Let's examine them further:
Psyringe said:
1. It is a very ahistorical (and historically implausible) way to grow a civilization. Leaders of early civilizations didn't think "I have to litter the landscape with small, primitive cities to bring my empire forward". They rather thought "The hills over there would make a good position for a city overlooking the area, and the fertile lands at the river will feed its citizens", or they tried to secure resources. therefore, ICS breaks my suspension of disbelief, it makes Civ feel more like a game engine and less like a fascinating alternative history unfolding.
The stated rationale makes no sense. Leaders of early civilizations had no vision and no conception of technological innovations thousands of years into the future. At the point where you are assuming the role of an immortal Civilization leader, the game already becomes profoundly ahistorical.
If such leaders had the same insight as we do today, history would be profoundly different.
Therefore, the objection isn't that leaders would not have decided similarly or had similar considerations. It must be some other reason.
Psyringe said:
2. If the game's rules favor ICS as a superior strategy, then the player has the choice to either play the best strategy he can find (and swallow the fact that it doesn't really feel like growing a believable empire), or to consciously restrain himself from playing the best strategy in order to preserve the feeling of growing a civilization. Both choices are bad. Imho, the rules of a game like Civ can (and should) be designed in a way that "good strategy" and "historically believable growth" fall together. The player who tries to find the best strategies should not have the feeling that he has to forego his immersion for that, and the player who wants to watch a believable alternative history unfolding should not have the feeling that he must consciously stop himself from using good strategies to do so.

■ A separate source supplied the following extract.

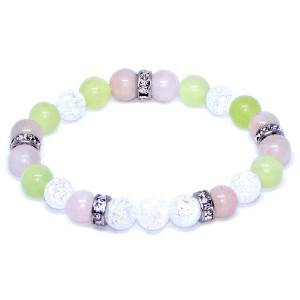 Minerální náramek křišťál, růženín, jadeit - KONVALINKA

All Civs except 4 featured ICS, and even in Civ 4, the best strategies often involved doing things that prevented one from having a believable empire. For instance, in Civ 4, it was often necessary to adopt the religion of other Civs
in order to be able to freely and perfectly manipulate the behavior of entire Civs. You plan for things like "beelines" and "tech trades" and Cavalry Rushes. We plan to get techs hundreds of years into the future, because we know they will allow us to trade technology with a lot of Civs who are somehow more scientifically adept than we are.
It's not like the cities were really that more organic. If you went for Cottage spam, you Cottaged everything, with towns dotting every single square inch for miles and miles and miles. How historical would this be? Was Medieval Europe an endless Townscape?
If you went Specialist Economy, your Civilization would work a few food tiles and virtually nothing else, not having hardly any towns whatsoever. All Modern cities remain founded on sites that were known to be beneficial for all time, and this optimal placing almost never changed.
Really, now, how is this historically immersive?
Optimal play in all Civs got you Riflemen at grossly anachronistic periods. Yeah, that's historically immersive.
The point that ICS is not historically immersive doesn't pan when we routinely have other game features (like technology) being grossly wrong and it not affecting game enjoyment one jot. It must be something else.